An analysis of temperature and pressure, I just
wrote for the CMNS list. I'll add it below.
It was well established that wetness of the
steam was something in order of 1-2% that is
typical for normal boiling in closed container
where there is lots of spilling and water droplet density is high.
It is very much not well-established. However,
there are two problems, both somewhat semantic in
nature. The real question is how much water is
vaporized. Failure to vaporise a known flow can
come from two sources: literal overflow of liquid
water and wetness of steam. Both would be
expected to some degree. What degree is actually
found? We don't know, we have inadequate data,
and that inadequacy has been maintained by Rossi
unwillingness to allow definitive demonstrations.
from my post to CMNS:
Assume Temperature of chimney: 100.5 degrees.
Assume Boiling at ambient pressure of 99.6 degrees.

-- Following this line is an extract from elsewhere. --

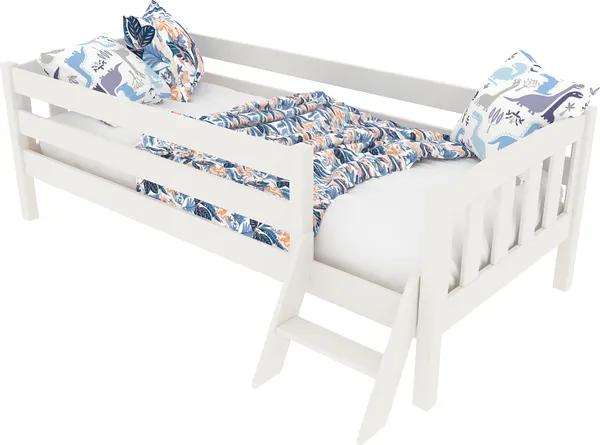 Кровать-тахта ФанДОК 160x80 Ф-141.01 (белая эмаль)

Interpolate pressure in chimney from
http://www.engineeringtoolbox.com/saturated-steam-properties-d_457.html
pressure: 1 bar, temperature 99.63 C.
pressure: 1.1 bar, temperature, 102.32 C.
Interpolated pressure at 100.5 C.: 1.036 bar
Interpolated steam density: 0.610 kg/m^3
Raw steam flow if no hose. Assume orifice from chamber, 1/2 inch.
Estimate from http://www.engineeringtoolbox.com/steam-flow-orifices-d_1158.html
Overpressure, 0.036 bar, 1 psig = 68.948×10^3 bar, 0.522 psig
This is off the chart. However, assuming
linearity, I come up with 40 lb./hour, which is
18 kilograms, and the claimed flow rate is 5
g/sec, oir 18.5 kg/hr. That is an amazing
coincidence, and is not a confirmation of that
exact value, considering how rough the chart is.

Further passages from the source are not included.